The idea for Hackolade came from my own personal need for a data modeling tool for NoSQL databases. I searched the web, and couldn’t find one that would satisfy my needs. I tried really hard to use existing tools! After all, all I wanted was to give my credit card number and download the right tool to do my job. The last thing on my mind was to embark on a new entrepreneurial adventure...
There is a short explanation for why I was not satisfied with the existing tools, and there's also a long answer below. The short answer is simple and holds (almost) in this one picture:
Reverse-engineering of Yelp Challenge dataset using traditional ERD tool |
Periodically, Yelp awards prize money for interesting insights out of the analysis of their sample dataset. In the past, it has led to hundreds of academic papers. As the data is provided in JSON format, any NoSQL document database is a good candidate to store the data, and several blogs explain how to use MongoDB for the analysis. Using a data modeling tool to discover the data structure should be a great first step...
Only problem is: the Yelp dataset is made of five data collections in MongoDB, yet the traditional ER tools end their reverse-engineering process showing these stats:
If there are just five collections in the database, you would expect only five entities in the Entity Relationship diagram, one for each of the collections in MongoDB, right? Something more like this:
Reverse-engineering of Yelp Challenge dataset using Hackolade |
Besides the more orderly aspect, this second diagram is also a lot easier to understand. It is a closer representation of the physical storage, displaying nested JSON sub-objects as indentations rather than as separate boxes (entities) in the ERD -- in a manner similar to what you would find in a JSON document.
And if you're developing or maintaining your own model, it is a lot easier to deal with the entire JSON structure in just one view, including all nested objects (arrays and sub-documents), than if you need to open a new entity for each nested object (like in the following picture representing the structure of just one of the Yelp documents...)

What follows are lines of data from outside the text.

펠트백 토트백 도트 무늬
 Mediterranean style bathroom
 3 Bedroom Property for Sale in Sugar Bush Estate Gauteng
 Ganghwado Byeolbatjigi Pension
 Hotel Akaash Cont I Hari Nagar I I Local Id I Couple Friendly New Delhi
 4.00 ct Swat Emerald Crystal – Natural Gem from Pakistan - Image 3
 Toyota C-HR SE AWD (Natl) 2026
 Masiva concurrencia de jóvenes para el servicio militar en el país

Yelp Business collection represented by a traditional ER tool |
No wonder some developers of NoSQL applications don't want to hear about data modeling, when the diagram that is supposed to help understand and structure things, is actually more confusing, and doesn't look anywhere close to the physical documents being committed to the database! A more natural view would be this one:
Yelp Businesses collection represented by Hackolade |
To manage objects metadata, Hackolade provides a second view -- a hierarchical tree view -- similar to the familiar XSD tree:
Hierarchical tree view in Hackolade |
One of the great benefits of this tree view is the handling of the polymorphic nature of JSON, letting the user define choices between different structures.
The reason for the difficulty with traditional ER tools in representing JSON nested structures is actually simple and logical: they were originally designed for relational databases, and their own persistence data model (how they store objects and metadata) is itself relational.
As a user, if you use a traditional ER diagramming tool for the data modeling of relational databases and apply it to a NoSQL database (MongoDB in this case), you are constrained by the original purpose and underlying data model of the tool itself. And while it is quite creative of the vendor to make its tool "compatible" with MongoDB, it is clearly an afterthought, and it ends up not being very useful.
Just like NoSQL databases are built differently than relational databases, data modeling tools for NoSQL databases need to be engineered from the ground up to leverage the power and flexibility of JSON, with its ability to support nested semi-structured polymorphic data. And to do that, the modeling tool cannot store its own data in flat relational tables!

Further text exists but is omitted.